The collimation property follows from the form of the geodesic equation in Eq.(33-35), in which temporal flatness has been used extensively to re-write the geodesic equation in terms of the disorder vectors (See Appendex A.)
While it seems possible to construct collimating singularities in a non-temporally flat spacetime, we don’t expect the geometric features found here to generalize.
7. Quoting S.A.J:
"The motivation for the geometrical models of velocity modulated Dirac equation comes from hight Tc superconducting compunds. Also there is a brief mention of graphene and twisted bilayer graphene. In these examples the gravitational (geometrical) coupling can be encoded into spatial-spatial compoents of the stress tensor."
It has been recently proposed in [arxiv:2108.08183] that in 8Pmmn borophene, substitution of boron atoms with carbon atoms substantially affects the tilt of the resulting Dirac cone. Since the tilting of the Dirac cone always induces a velocity anisotropy (like nemacity), how likely are these compounds to realize possible QGD in non-superconducting phase? This will correspond to modulation of the spatio-temporal components of the velocity. Does the random modulation of tilt velocity relax "temporal flatness" condition?
Indeed, tilted-cone scenarios, including 3D Weyl semimetals and the 8Pmmn borophene example mentioned provide examples of Hamiltonians in condensed matter that are equivalent to massless Dirac Fermions on curved-space manifolds. Further, these systems do satisfy the temporal flatness condition. If the tilt can be randomized by coupling to various forms of disorder or engineered through some set of control parameters, then these systems are very adjacent to our discussion.
However, the form of the geodesic equation we work with is particular to (2+1)-D metrics with spatial-spatial components and temporal flatness, so it isn’t clear if any of the geometry we find here generalizes to spacetime manifolds outside the scope we consider here. We leave a study of time-space mixing manifolds for future work.
We thank the referee for making us aware of this work. We have added a discussion of this class of materials to our introduction and included a citation to the paper in the comment.
8. Quoting S.A.J:
"All over sectoin 1.1 the concept of "Null geodesics" has been used repeatedly, which is a crucial concept to understand the paper. Perhaps it will help the readers to define it right at the beginning."
We have added a comment on the physical role of null geodesics to the introduction, at the first mention of the concept. We have also added a mathematical definition of geodesic mass to Sec. 3, immediately after the introduction of the geodesic equation.
9. Quoting S.A.J:
"Fig. 9B seems too crowded to follow examples of geodesics that collide or do not collide with the singularities. Maybe it helps the readers to make one curve of each category bolder than the others to assist the readers to follow at least two bold geodesics."

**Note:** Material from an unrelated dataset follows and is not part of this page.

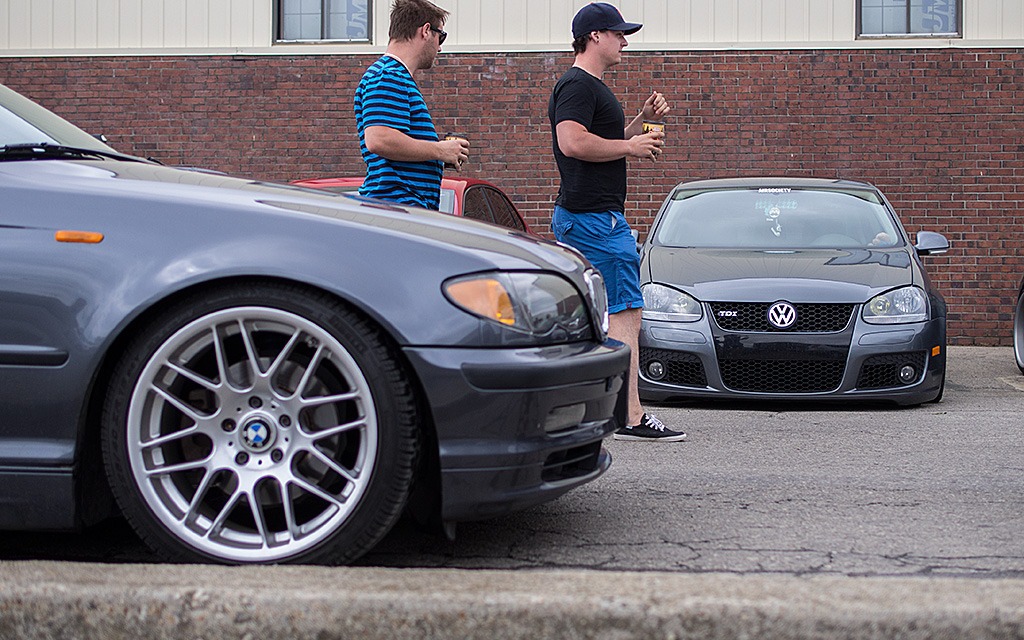 Portes ouvertes BBQ 2low crew et Autobar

After some consideration of how to best clarify Fig.9B, we decided the best way was to add a clarifying comment in the caption. All geodesics are captured for launch angle in (-π/4, 3π/4), and all geodesics escape for launch angle in (3π/4, 7π/4). The confusion in the figure comes from the fact that for orbits launched near the critical angle, the decay/escape is very slow. Once the reader is explicitly told that all orbits are monotonically escaping/decaying, we think the figure is more clear.
References:
1. J. P. Dahlhaus, C.-Y. Hou, A. R. Akhmerov, and C. W. J. Beenakker, Geodesic scatter-
ing by surface deformations of a topological insulator, Phys. Rev. B 82, 085312 (2010),
List of changes
Please refer to "author comments" section, where changes are discussed alongside referee comments.
Published as SciPost Phys. 12, 204 (2022)
Seyed Akbar Jafari on 2022-05-27 [id 2532]
The authors have satisfactorily addressed my comments/questions/suggestions. I am happy to recommend the paper for publication in its present form.